‘Get some backbone’ Osborne urged as CBI and BCC slash growth forecasts

Ministers are wasting easy opportunities to lift growth, leaving businesses “frustrated” with the lack of action, the CBI said as it predicted that GDP would shrink by 0.3pc this year – sharply lower than its outlook in May for 0.6pc growth, reports The Telegraph.

Demanding “swift action”, the British Chambers of Commerce (BCC) also cut its 2012 forecast, from 0.1pc growth to a contraction of 0.4pc, and warned that the Chancellor is on course to miss his deficit target by “two to three years” as borrowing balloons on the back of weaker than expected tax receipts.

Echoing calls from a growing number of economists, the BCC added the Government should consider “limited extra borrowing … to support business investment, incentivise job creation, and jump-start construction”.
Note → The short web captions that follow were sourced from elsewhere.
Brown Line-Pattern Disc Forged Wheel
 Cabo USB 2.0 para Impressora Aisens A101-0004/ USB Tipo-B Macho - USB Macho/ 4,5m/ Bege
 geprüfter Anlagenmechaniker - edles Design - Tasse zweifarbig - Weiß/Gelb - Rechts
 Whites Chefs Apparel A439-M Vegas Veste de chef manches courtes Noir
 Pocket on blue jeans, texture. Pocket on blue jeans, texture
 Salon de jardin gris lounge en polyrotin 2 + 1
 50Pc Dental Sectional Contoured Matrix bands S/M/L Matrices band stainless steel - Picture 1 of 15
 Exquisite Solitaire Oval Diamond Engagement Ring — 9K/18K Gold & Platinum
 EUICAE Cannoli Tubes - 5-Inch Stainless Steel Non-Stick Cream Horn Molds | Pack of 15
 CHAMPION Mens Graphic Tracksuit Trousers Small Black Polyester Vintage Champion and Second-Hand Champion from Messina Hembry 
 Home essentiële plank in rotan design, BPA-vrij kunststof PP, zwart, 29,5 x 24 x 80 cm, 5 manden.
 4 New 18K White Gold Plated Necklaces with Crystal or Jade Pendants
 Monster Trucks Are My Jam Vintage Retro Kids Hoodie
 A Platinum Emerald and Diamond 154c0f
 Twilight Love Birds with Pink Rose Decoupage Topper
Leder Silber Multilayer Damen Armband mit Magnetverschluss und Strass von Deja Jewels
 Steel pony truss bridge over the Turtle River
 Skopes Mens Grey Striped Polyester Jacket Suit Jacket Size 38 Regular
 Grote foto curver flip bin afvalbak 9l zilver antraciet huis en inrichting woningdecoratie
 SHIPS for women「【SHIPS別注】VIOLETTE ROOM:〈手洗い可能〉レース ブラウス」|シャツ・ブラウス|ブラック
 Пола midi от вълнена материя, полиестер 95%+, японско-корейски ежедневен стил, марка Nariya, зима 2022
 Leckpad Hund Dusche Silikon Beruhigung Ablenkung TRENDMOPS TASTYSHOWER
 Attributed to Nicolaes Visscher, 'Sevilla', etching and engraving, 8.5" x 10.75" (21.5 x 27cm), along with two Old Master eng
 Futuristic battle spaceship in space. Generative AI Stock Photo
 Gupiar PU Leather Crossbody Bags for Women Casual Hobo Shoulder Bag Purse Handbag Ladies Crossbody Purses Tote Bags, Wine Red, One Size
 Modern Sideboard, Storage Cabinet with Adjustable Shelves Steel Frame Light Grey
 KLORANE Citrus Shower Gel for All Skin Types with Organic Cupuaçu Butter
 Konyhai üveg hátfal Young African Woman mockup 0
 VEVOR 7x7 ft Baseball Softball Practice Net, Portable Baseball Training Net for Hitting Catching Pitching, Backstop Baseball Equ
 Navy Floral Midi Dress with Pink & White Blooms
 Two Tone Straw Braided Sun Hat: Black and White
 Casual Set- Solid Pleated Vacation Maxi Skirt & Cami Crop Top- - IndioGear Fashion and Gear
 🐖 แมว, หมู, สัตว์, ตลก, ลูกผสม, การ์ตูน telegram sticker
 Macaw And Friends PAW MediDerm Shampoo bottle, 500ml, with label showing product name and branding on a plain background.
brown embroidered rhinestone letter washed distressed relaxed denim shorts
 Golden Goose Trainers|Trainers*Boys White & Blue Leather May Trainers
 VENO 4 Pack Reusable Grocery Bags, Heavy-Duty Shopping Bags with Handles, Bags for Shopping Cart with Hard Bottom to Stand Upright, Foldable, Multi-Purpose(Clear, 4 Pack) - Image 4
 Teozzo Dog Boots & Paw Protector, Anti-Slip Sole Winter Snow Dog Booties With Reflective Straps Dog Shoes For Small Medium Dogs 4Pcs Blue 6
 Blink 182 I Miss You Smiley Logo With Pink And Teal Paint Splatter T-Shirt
The comments will heap more pressure on the Chancellor after the Institute of Directors last week described his growth strategy as “ineffective” and “too slow”. Despite unveiling two budgets for business, George Osborne now appears to be losing their support.

“There is frustration within the business community with the reality of what’s happening in the British economy,” John Cridland, director general of the CBI, said. “The Government needs to get better at delivery. It’s not frustration with the plan.”

John Longworth, BCC director general, said: “Business wants … a continued commitment to public spending cuts as well as a strong push to improve business access to finance and unlock massive private funding to renew Britain’s infrastructure. Politicians need to get some political backbone and show leadership.”

Mr Cridland warned that delays to infrastructure projects caused by messy planning and procurement processes were “not consistent with using infrastructure as a way of getting more nudge to the short-term UK growth plan”.

Both the CBI and the BCC also predicted that the government would borrow more this year and next than in 2011, despite austerity. The BCC said the overshoot would be “£14bn-£17bn in each year until 2015” and that “meeting the fiscal mandate probably take two to three years longer to complete”.